High-resolution electrical contacts on 1D and 2D materials are usually done by electron beam lithography (EBL). Accurate overlay of the electrodes with respect to individual flakes and nanowires can be tedious by EBL as it usually requires marker structures close to the flakes or nanowires and additional imaging steps to precisely determine the positions relative to the markers. A fundamental issue using EBL on 1D and 2D materials is the fact that the high energy electrons can generate various defects in the materials like vacancies, trapped charge or creation of covalent bonds with the organic resist molecules. Such defects can strongly deteriorate the properties of the 1D or 2D materials leading e.g. to poor quality non-ohmic metal contacts with high Schottky barriers and large contact resistances and hence reduced device performance [1].

Thermal Scanning Probe Lithography (tSPL) is using phonons to locally modify materials. The technology has recently entered the market as a versatile nanolithography method and a first true alternative to EBL for a wide variety of applications including direct writing of high-resolution electrical contacts [2]. Core of the technology is a heatable probe tip that is used for both patterning and simultaneous inspection of complex nanostructures. The heated tip can pattern very high-resolution (< 10 nm half-pitch) nanostructures by locally evaporating resist materials. The structures are inspected by the cold tip in parallel with the patterning process, enabling stitching and markerless overlay with sub-5 nm accuracy [3]. The technique is compatible with all the common pattern transfer processes [4,5].

Here, we show that tSPL can be used for shaping 2D materials with very high precision (Figure 1a-b) [6] and for forming high-quality metal contact electrodes on them (Figures 1 c–d) [7]. The fabricated devices exhibit vanishing Schottky barrier heights (around 0 meV, Figure 1d), record-high on/off ratios of 1010, no hysteresis, and subthreshold swings as low as 64 mV per decade. We also report of InAs nanowire transistors with high resolution metal top gates fabricated by t-SPL [8]. The transistors show excellent switching behavior and a subthreshold slope close to 60 mV per decade at room temperature. The improved performance is also attributed to the absence of electrons that could be trapped in the thin gate oxide during usual electron beam lithography.

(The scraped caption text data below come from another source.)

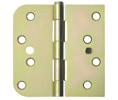 Deltana S44058TT2D-LH 4"x 4"x 5/8"x SQ Hinge- US2D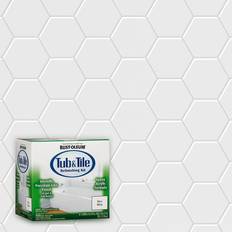 Paint Rust-Oleum 384165 Tub Tile Refinishing White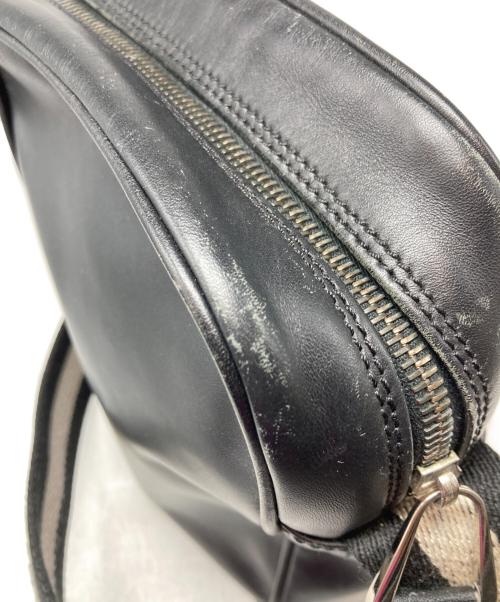 BALLY（バリー）BALLY (バリー) ショルダーバッグ ブラックの古着・服飾アイテム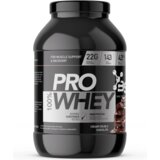 Basic Supplements Pro Whey, Ukus Kremasta dupla čokolada, 4.3kg | Eponuda.com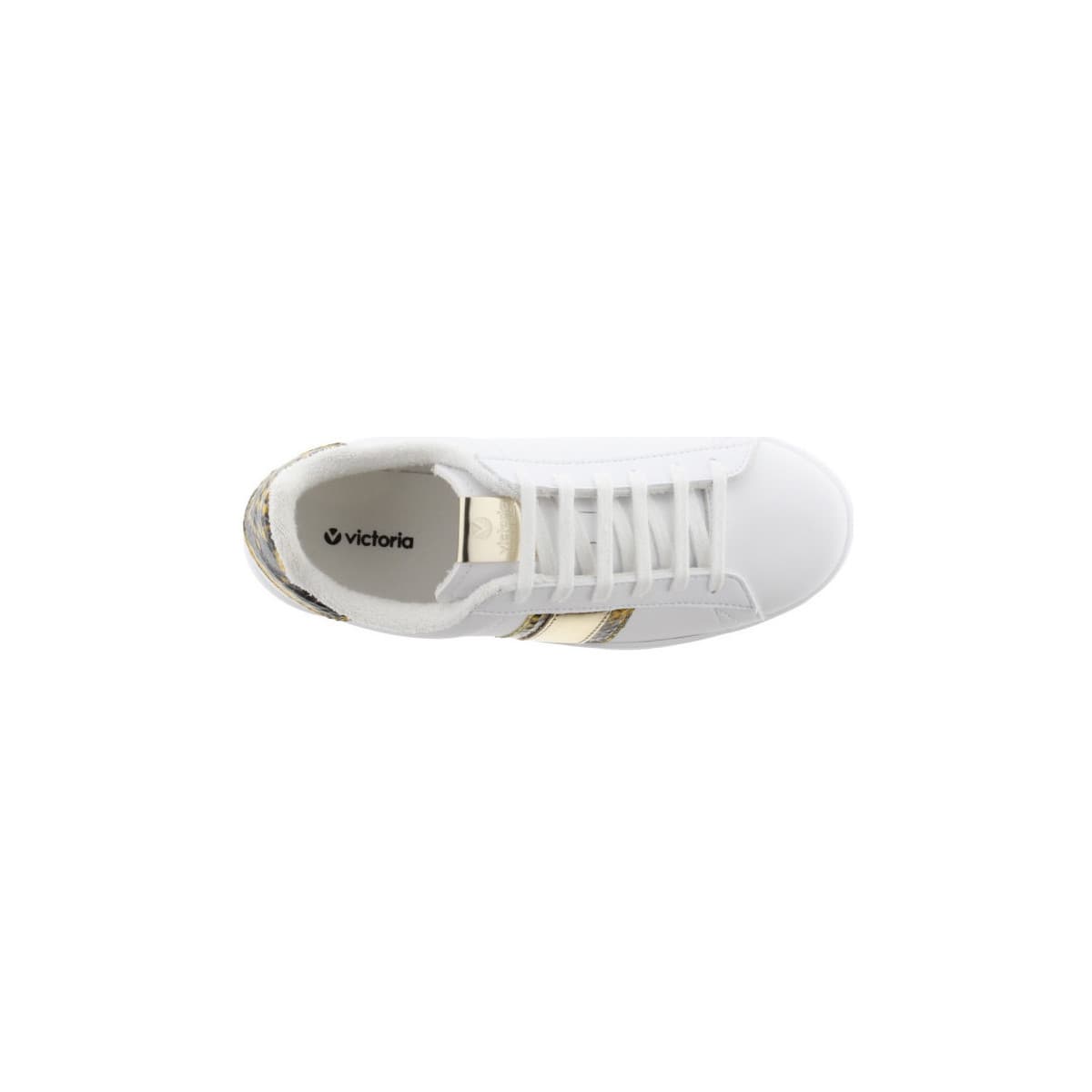 Women's Sneakers Victoria White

In summary, we present how nanolithography using phonons is used to fabricate high quality electrical devices out of 1D and 2D materials.

Figure 1. (a) AFM image of 18-nm half-pitch 1L MoS₂ nanoribbon array patterned along the zigzag direction. (b) A close-up of the region marked with a white dashed box in (a). Figures (a) and (b) from Ref [6]. (c) Optical image of a 1L MoS₂ FET with a h-BN gate dielectric where the source, drain and top-gate electrodes have been patterned with a NanoFrazor. (d) Gate voltage dependence of Schottky barrier height of a 1L MoS₂ FET with Al/Au contacts (V_ds = 2 V). The deviation from the linear response at low V_bg (dashed red line) defines the flat band voltage and the SBH. Inset, corresponding temperature-dependent transfer curves (V_ds = 2 V). Figures (c) and (d) from Ref. [7].

References

[1]    Allain et al., Nature Materials 14, 1195–1205 (2015).

[2]    Howell et al., Nature Microsystem & Nanoeng, accepted

[3]    Rawlings et al., ACS Nano 9, 6188 (2015).

[4]    Wolf et al., J. Vac. Sci. Technol. B 33, 02B102 (2015).

[5]    Kulmala et al., Proc. SPIE 1058412 (2018).

[6]    Ryu and Knoll, Electrical Atomic Force Microscopy for Nanoelectronics, 143-172 (Ed. U. Celano), Springer Nature Switzerland AG (2019).

[7]    Zheng et al., Nature Electronics 2 17-25 (2019).

[8]    Wolf et al., Proc. SMTA PanPac (2019).